Jean-Pierre Bobillot , Dernières répliques avant la sieste
Jean-Pierre Bobillot nage dans une lueur plus légère que l’eau
Voyage au bout de la lueur, ce recueil de mots, d’étranges morceaux de chairs traduits en mots, engage sur le sentier de la fin déjà advenue. Car la fin n’est jamais finie mais toujours vivante avant la vie. C’est dire que tout est « provisoirement définitif »
Si le poème est noyé dans la page et rêve d’en sortir pour Bernard Heidsieck et Sylvie Nèves, il doit être actionné, agité (fou ?) littéralement, mis en geste, pour Jean-Pierre Bobillot. Pas question d’enfermer le vers dans la page, mais page il y a ! Alors, faisons sortir la page de sa mise en page, appliquons-lui une forme de sénescence avant la lettre et appelons ça la sieste, ou avant la sieste, ce qui est la même chose.

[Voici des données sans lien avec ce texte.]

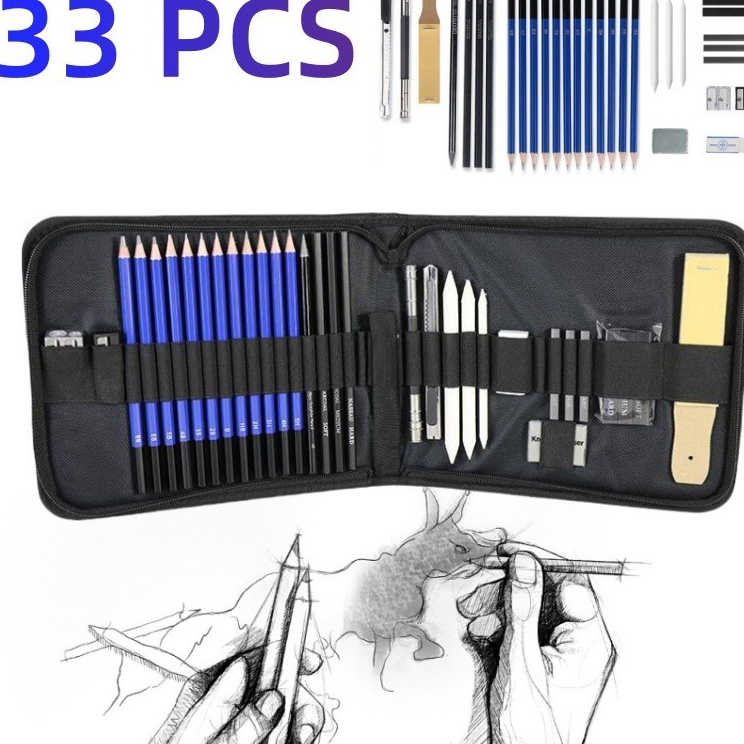 

Special Surprise Sketch Pensil Pisau Penghapus dan Pensil 33PCSet Sketch Pencil Pisau Penghapus dan Pensil Gambar untuk Keperluan Sekolah Pencil Drawing Set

On pourrait penser qu’il y a urgence pour Bobillot à écrire dans le foutoir haletant de Dernières répliques avant la sieste, que cette somme hérétique/poétique est le dernier râle consommé du poète, une sorte de déversoir pour expulser la poésie de l’enfermement du corps qui est une page d’écriture. Urgence ? Ces morceaux courent sur toute une vie (presque) de Bobillot ! Réponse : la vie est une urgence et les temps long et court s’agrègent en un instant. Telle est la façon du trait de plume sur la page, cette invention carcérale.
Jean-Pierre Bobillot, Dernières répliques avant le sieste, Editions Tinbad, 2020.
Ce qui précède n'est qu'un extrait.